From left to right: CC image by Halftermeyer, CC image by Halftermeyer, CC image by Marco Verch

What is a Drone?

A drone can be any type of autonomously or remotely guided vehicle, but the term commonly refers to aircraft known as unmanned aerial vehicles (UAVs). Radio control aircraft, such as model airplanes, are also considered UAVs. The distinction between drones and radio control aircraft is not currently well-defined.

Popularity and Future Integration into Airspace

The rapid development of drone technology for the private sector has suddenly launched a new multi-billion dollar industry. The commercial use of these small, next-generation aircraft is expanding exponentially. The FAA has approved commercial drone operations in such areas as agriculture, land surveying, filmmaking, security, and delivery of goods.

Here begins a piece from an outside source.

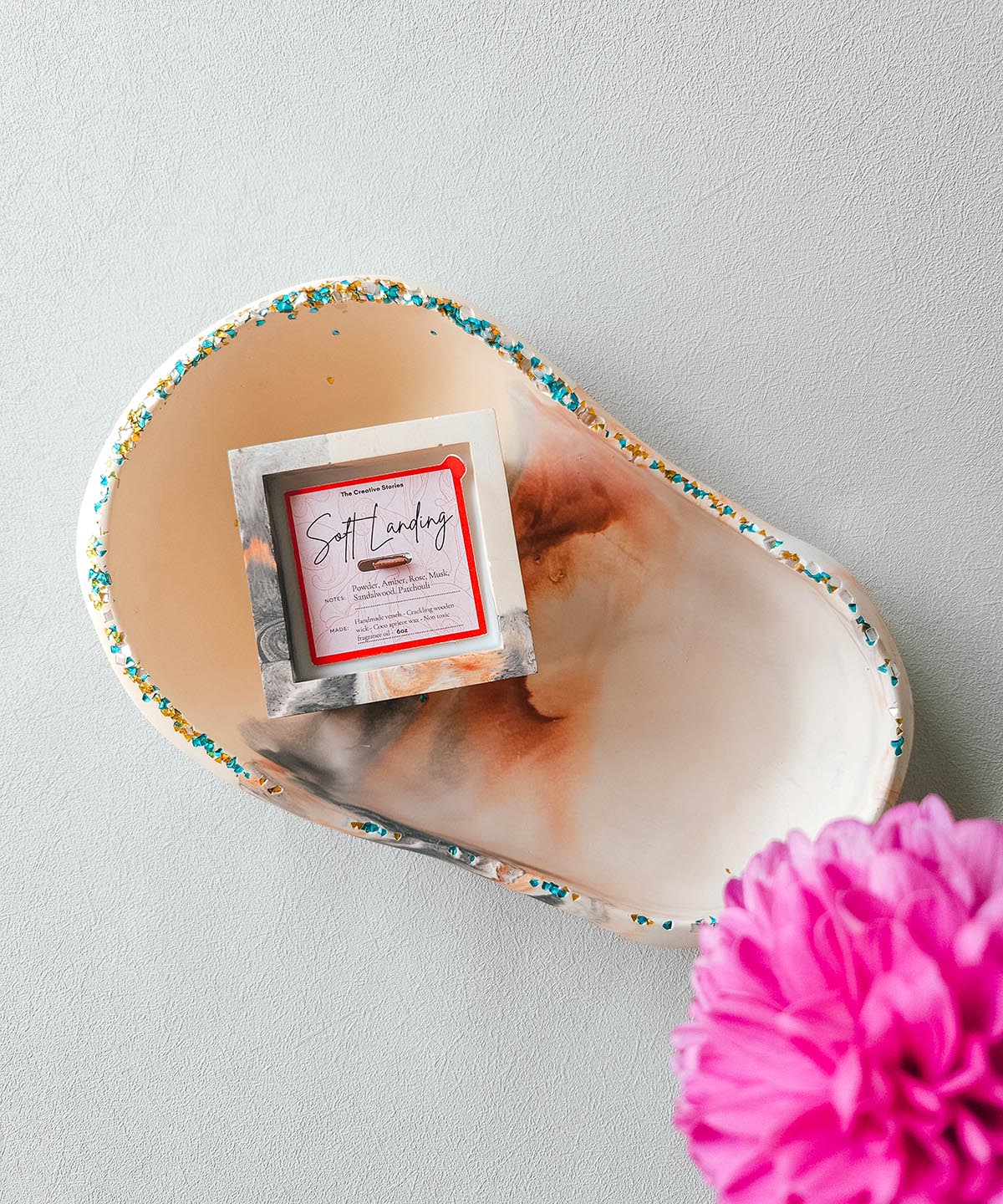 Handmade Square Candle – Floral Sandalwood, Nag Champa, 6oz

Local, State, and Federal Drone Laws

According to the FAA, pilots of unmanned aircraft have the same responsibility to fly safely as manned aircraft pilots. 

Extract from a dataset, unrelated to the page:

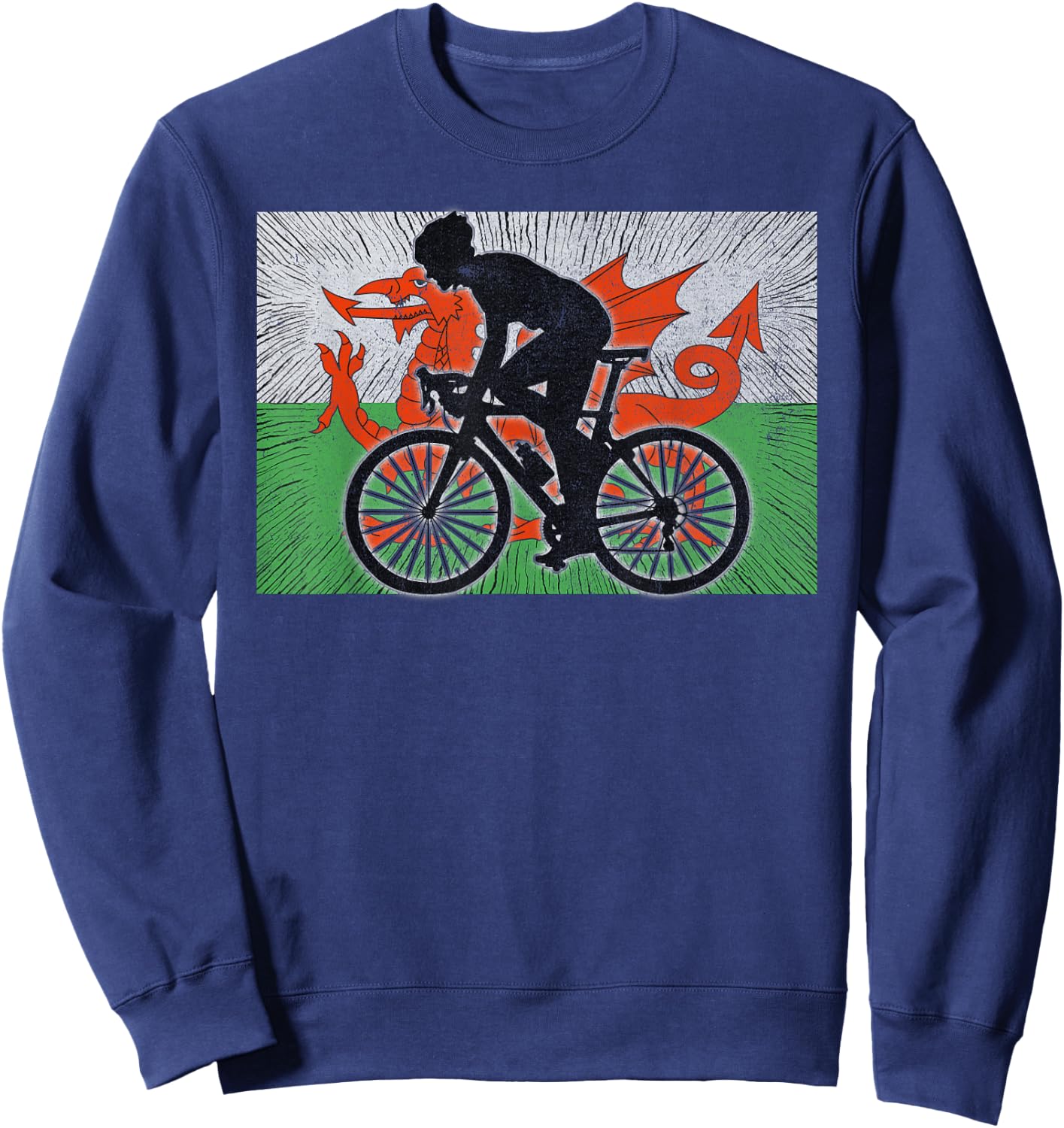 Wales Flag Bicycle Cycling Sweatshirt - Sweatshirt | Navy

Effective December 21, 2015, anyone who owns a small unmanned aircraft of a certain weight must register with the Federal Aviation Administration's Unmanned Aircraft System (UAS) registry before they fly outdoors. 

Before flying, acquaint yourself with federal, state, and local laws governing the recreational use of drones.

Confirm If Drone Accidents are Covered Under Your Policy

Using drones can involve risk to property and life in the event of an accident. Generally, homeowners and renters policies cover liability for an accident caused by your drone, but check with your agent or insurer to verify your policy contains this important coverage. Also check if and how your drone is covered in the event it is lost, stolen, or damaged.

Violation of Privacy Concerns

Using drones also potentially carries the risk of invasion of privacy and the unauthorized collection of data. Insurers are developing policies to cover these liability exposures. Keep in touch with your insurer to make sure your use remains covered. Keep in mind that insurance companies will not cover an intentional violation.

If You’re Involved in an Accident

Rules for drones are being developed as UAVs become integrated into our airspace. Insurance companies will follow the developments regarding drone regulations. As regulations become clearer and more complete, insurance companies will be better able to meet policyholders' needs. For now, follow the same procedures as you would with your auto or home insurance.

Tips from the FAA on Drone Use

  • Keep current with local, state, and federal laws regarding drones.
  • Fly under 400 feet.
  • Do not fly within 5 miles of an airport without first obtaining clearance from the airport control tower.
  • Do not fly a drone weighing more than 55 pounds.
  • Avoid flying near people.
  • Keep the drone in sight at all times.